Which I guess is an improvement over vanilla 4, where I never feel smart, but it's not worth all the fucking micro.
 
It depends. C2C gives combat bonuses for surrounding and ZoC effects as well, but (most) ranged units can't fire and move so there's (theoretically, by which I mean MP, the AI is not good at C2C) incentive to break doomstacks into several smaller but not trivially eliminatable groups with possibly artillery in the rear to fire at range 2 or more. There's also stealth and ambush mechanics in play so you could have a ranged stack sit concealed somewhere to fire on a stack as it passes or have them pretend to be barbs and harass enemy patrols.

It helps that C2C has automation modes for a lot of micro too; beyond exploring you can set units, or stacks of units, to automatically hunt anything they can attack, or patrol your cultural borders.

Erebus meanwhile mixes it up with magic, which has a variety of effects that can swing combat odds in a variety of ways; big summons do more damage but grant XP to the defenders, fireballs can't kill but deal collateral damage, buffs, debuffs, healing, temporary fort bonuses, all sorts of stuff. Greater unit variety and ability promos mix stack composition and erosion up as well since it's possible to manipulate which unit actually defends against an attack rather than always getting the worst matchup for the attacker.

Interesting. I like the idea of stealth and ambush mechanics and automation is always a good idea compared to Civ's tendency towards garrisons sitting in cities.
 
I think a system I'd like to see experimented with is no maximum stack limits, but a soft stack limit based on food and supplies.

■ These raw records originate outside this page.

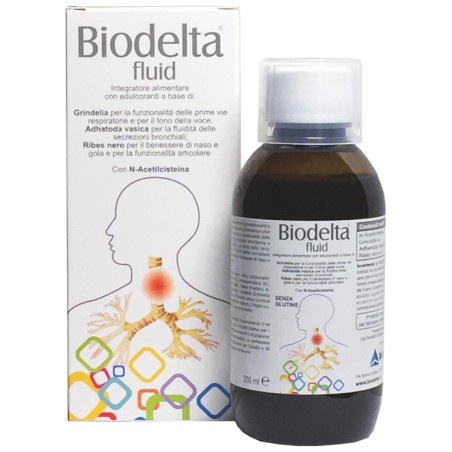Biodelta fluid 200 ml Biodelta fluid 200 ml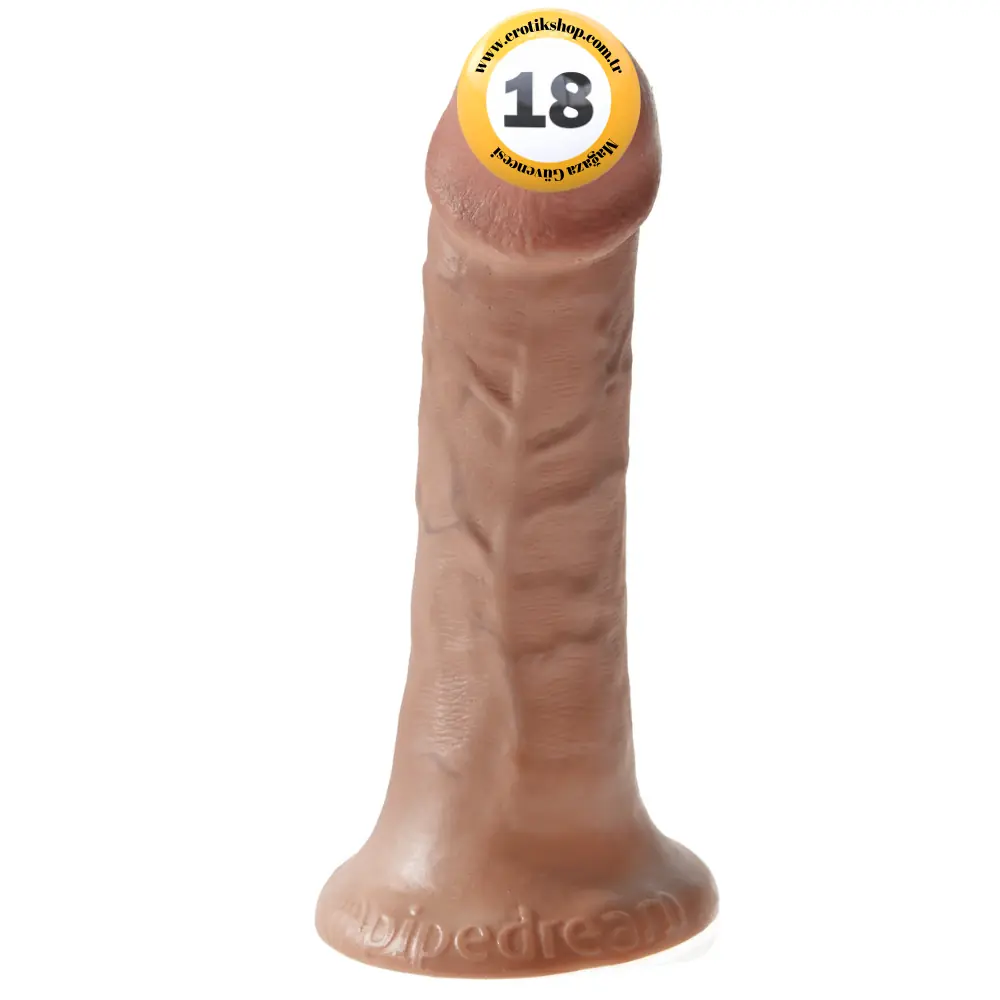 Pipedream King Cock 6'' Amerikan Realistik Dildo - Cock6-Tan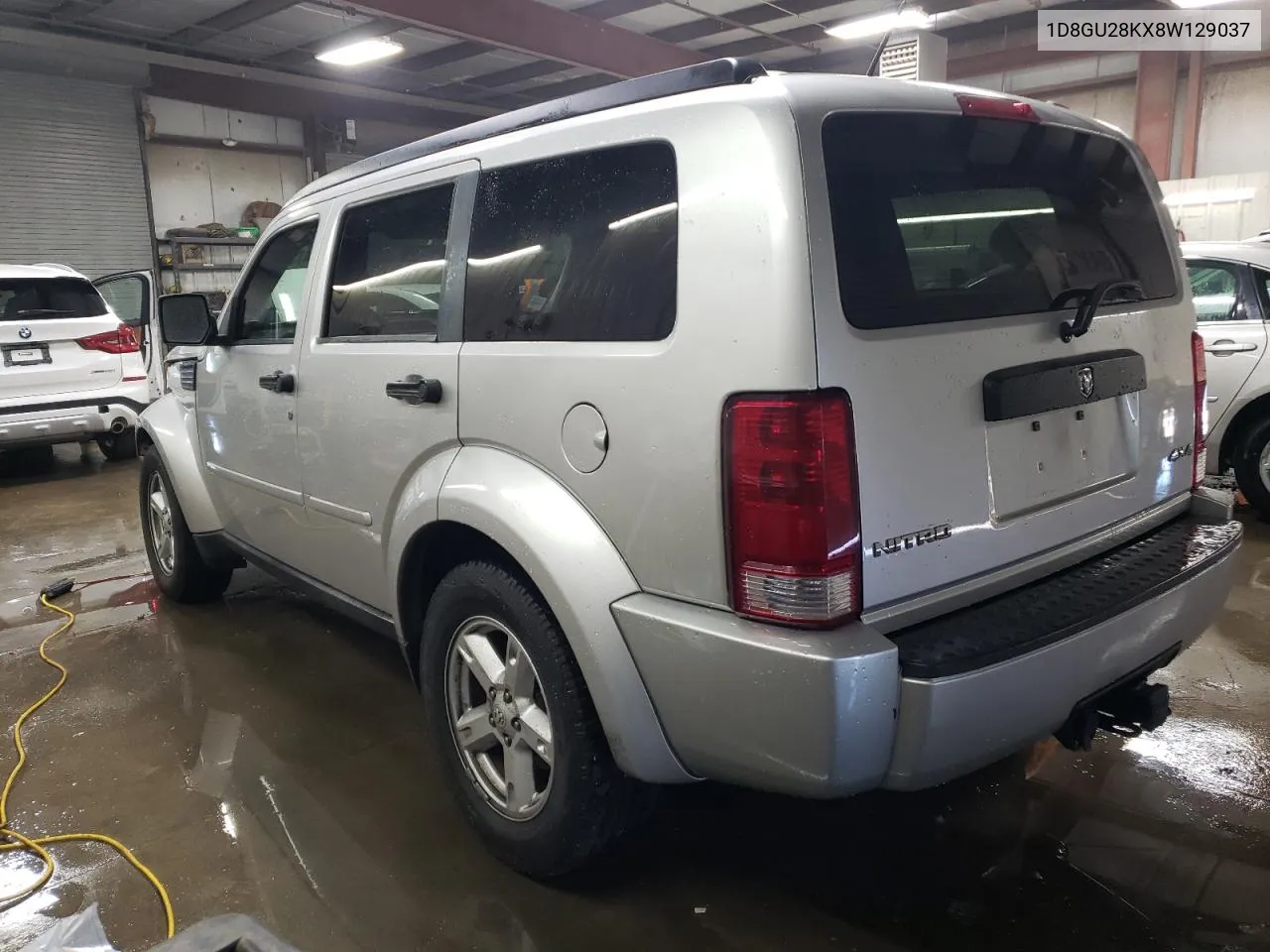 2008 Dodge Nitro Sxt VIN: 1D8GU28KX8W129037 Lot: 79534734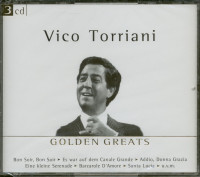 Bild von Vico Torriani: Golden Greats (3-CD)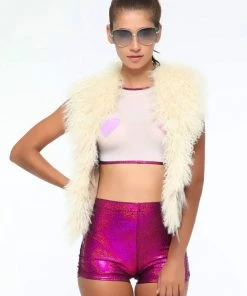 SEA DRAGON STUDIO Tops Mesh Halter Top | 13 Colors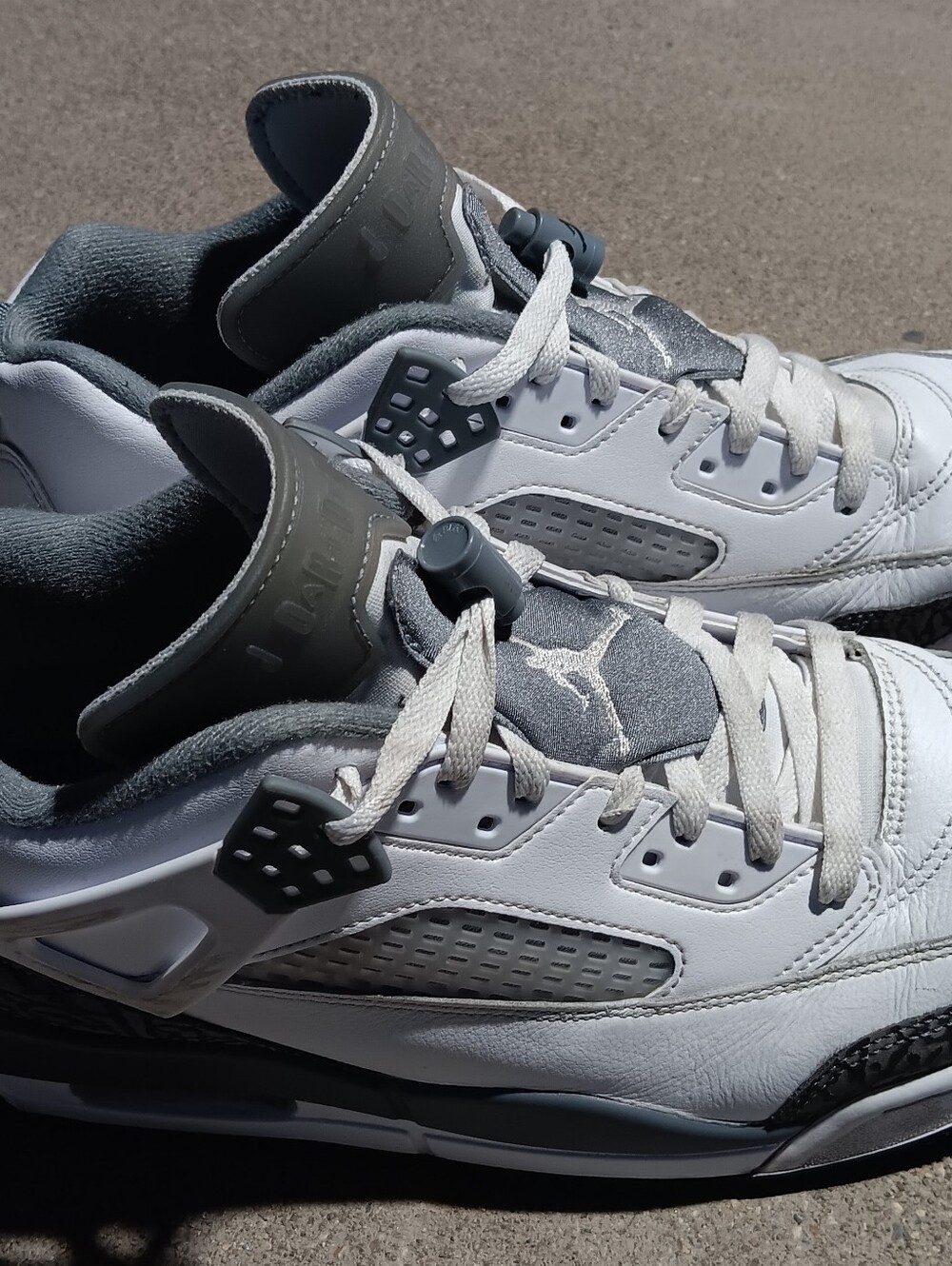 NIKE AIR JORDAN Spizike Low White/Cool Grey/Anthracite FQ1759-102 Sneakers SZ 12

You can stack NX units on a tile, where N is the food value of the tile, and X is a possibly difficulty scalable multiplier. If you exceed the amount of forage you can get and run 'out of supplies' on a tile, the units start to starve and weaken. Marching your roman legion through a desert might allow you to bypass the enemy front lines-but out there, on the flanks of the Britons and their marvelous floodplains, you need roads and to hop from oasis to oasis to keep even a single unit alive. Or you might have pinned your hopes for a quick victory on marching through a narrow irrigated farm chokepoint, but the enemy pillages his own improvement to burn the farm and force you to either attack in smaller forces, or eat the attrition.

Late game, canned food, refrigeration, and railroads obviate the need for per-tile supplies, but instead you now need a road and rail link back to your industrial heartland.